What is required: Your output should be the lines below from the one with "Contemporary Walnut Wood" through the one with "Women's Halter Tie", copied exactly, pictures excluded.

Records:
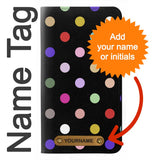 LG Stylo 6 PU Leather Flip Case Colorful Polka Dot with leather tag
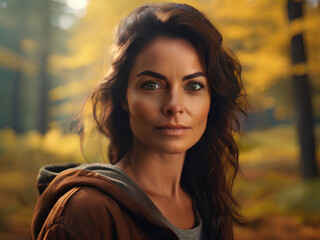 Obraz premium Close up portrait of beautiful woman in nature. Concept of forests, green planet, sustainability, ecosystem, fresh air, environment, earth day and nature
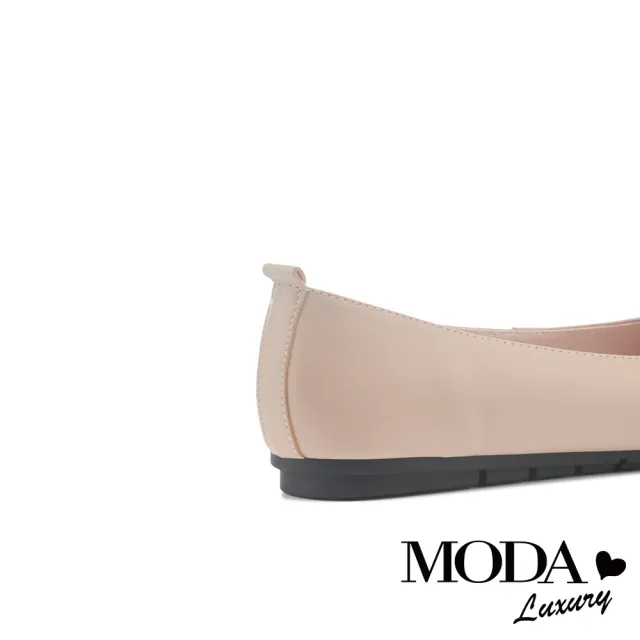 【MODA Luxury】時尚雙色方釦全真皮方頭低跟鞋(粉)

--

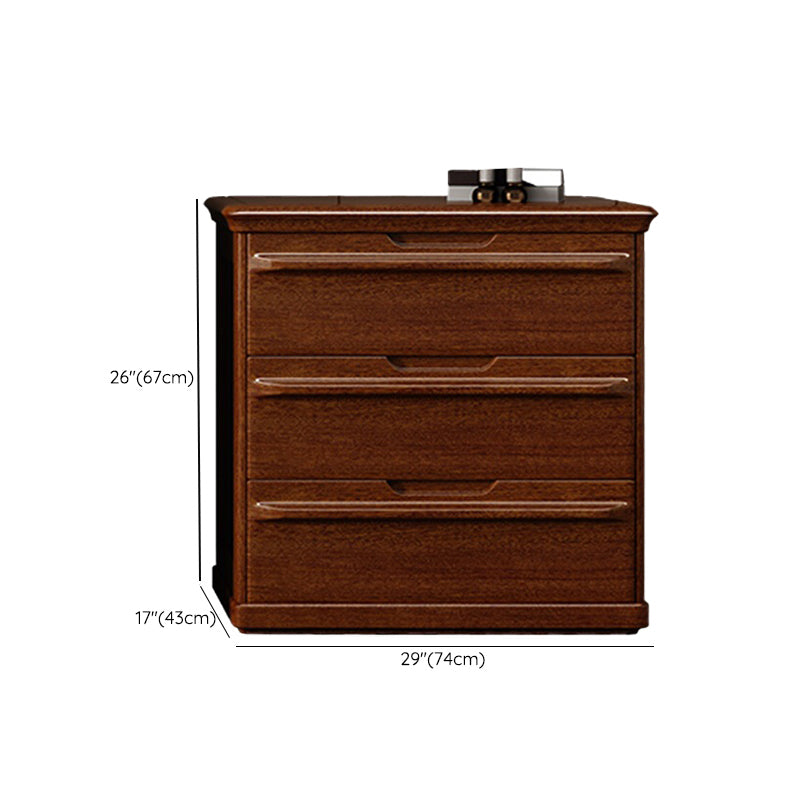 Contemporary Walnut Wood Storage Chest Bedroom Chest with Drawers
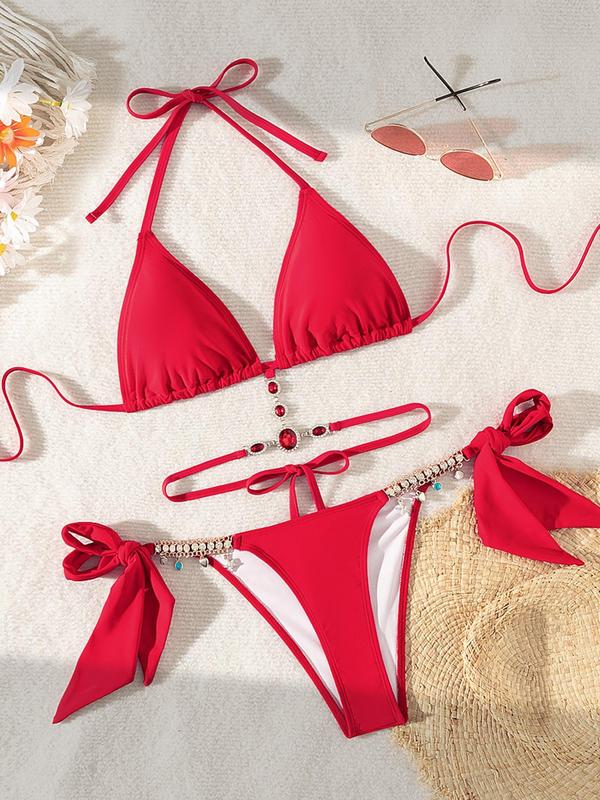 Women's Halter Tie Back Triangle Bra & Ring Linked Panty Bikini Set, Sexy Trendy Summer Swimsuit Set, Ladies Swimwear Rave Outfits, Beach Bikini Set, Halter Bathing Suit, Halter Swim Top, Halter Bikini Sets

Output for this exercise:
 Contemporary Walnut Wood Storage Chest Bedroom Chest with Drawers
 Women's Halter Tie Back Triangle Bra & Ring Linked Panty Bikini Set, Sexy Trendy Summer Swimsuit Set, Ladies Swimwear Rave Outfits, Beach Bikini Set, Halter Bathing Suit, Halter Swim Top, Halter Bikini Sets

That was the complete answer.